Personal Injury Discount Rate - Who pays?

You may have seen or read about the recently announced change in the Personal Injury Discount Rate, sometimes known as the Ogden rate.  This has been reduced from 2.5% to -0.75% with effect from March 2017.

You might well ask what on earth is this and what is it got to do with me?

This discount rate has traditionally been applied to lump-sum payments made by insurance companies to claimants following injuries sustained in motor accidents or accidents suffered at work or on other’s premises. The idea behind it is that the claimant should not be overcompensated for their injuries, given that they are receiving a large lump sum and could receive future investment income on this money. It is a way therefore, of reducing the payment that the insurers make and shifting some of this future investment risk to the claimant.

As you will know, investment returns in recent years have been much lower and hence this reduction in the discount reflects the fact that the claimant’s will receive a much lower return on the invested lump sum. The fact that the rate has changed to a negative figure means that the insurers will have to “top up” their settlements.

It is difficult to know whether to feel sympathy for the insurance companies or not as it has been known for many years that the rate was going to be reduced and the insurers have largely failed to plan for this and are now complaining at the amount of extra reserving they are having to do to pay for this. Having said that, the cut was much more savage than anyone had expected.

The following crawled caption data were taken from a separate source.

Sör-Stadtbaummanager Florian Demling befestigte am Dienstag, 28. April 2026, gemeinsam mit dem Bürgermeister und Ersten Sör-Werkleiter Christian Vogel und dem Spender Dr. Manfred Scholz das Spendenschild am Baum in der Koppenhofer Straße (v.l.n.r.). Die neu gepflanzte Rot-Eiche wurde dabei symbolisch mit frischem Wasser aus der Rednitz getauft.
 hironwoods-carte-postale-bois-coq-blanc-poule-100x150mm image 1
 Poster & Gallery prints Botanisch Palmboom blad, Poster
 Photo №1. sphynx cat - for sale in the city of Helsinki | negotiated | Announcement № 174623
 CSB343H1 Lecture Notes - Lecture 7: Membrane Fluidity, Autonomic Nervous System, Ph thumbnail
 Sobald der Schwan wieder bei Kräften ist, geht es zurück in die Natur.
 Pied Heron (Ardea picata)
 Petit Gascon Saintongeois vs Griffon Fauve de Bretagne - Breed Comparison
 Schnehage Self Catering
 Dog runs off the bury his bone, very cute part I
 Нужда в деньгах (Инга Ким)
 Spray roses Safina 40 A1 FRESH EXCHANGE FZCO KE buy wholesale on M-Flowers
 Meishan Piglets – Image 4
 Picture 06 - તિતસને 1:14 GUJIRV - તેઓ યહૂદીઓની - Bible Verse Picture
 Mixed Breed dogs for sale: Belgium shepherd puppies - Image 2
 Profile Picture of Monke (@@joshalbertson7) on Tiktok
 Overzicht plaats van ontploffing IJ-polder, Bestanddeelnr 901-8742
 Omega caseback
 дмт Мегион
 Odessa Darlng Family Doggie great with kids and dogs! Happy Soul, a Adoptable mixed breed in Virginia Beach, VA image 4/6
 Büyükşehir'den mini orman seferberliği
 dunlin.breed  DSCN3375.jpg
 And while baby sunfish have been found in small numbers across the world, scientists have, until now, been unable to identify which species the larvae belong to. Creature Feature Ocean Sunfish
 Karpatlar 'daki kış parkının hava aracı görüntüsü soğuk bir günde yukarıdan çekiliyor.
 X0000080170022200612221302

Whilst the insurers could have been more proactive over the past decade in preparing for this change it is the policyholder who will eventually pay for this in terms of higher premiums. Not only will motor rates rise but any legal liability policies such as public liability or employers liability will also feel the heat. This, on top of the continued rise in insurance premium tax will mean that your insurance spend will be inevitably rising higher than the rate of inflation over the next few years.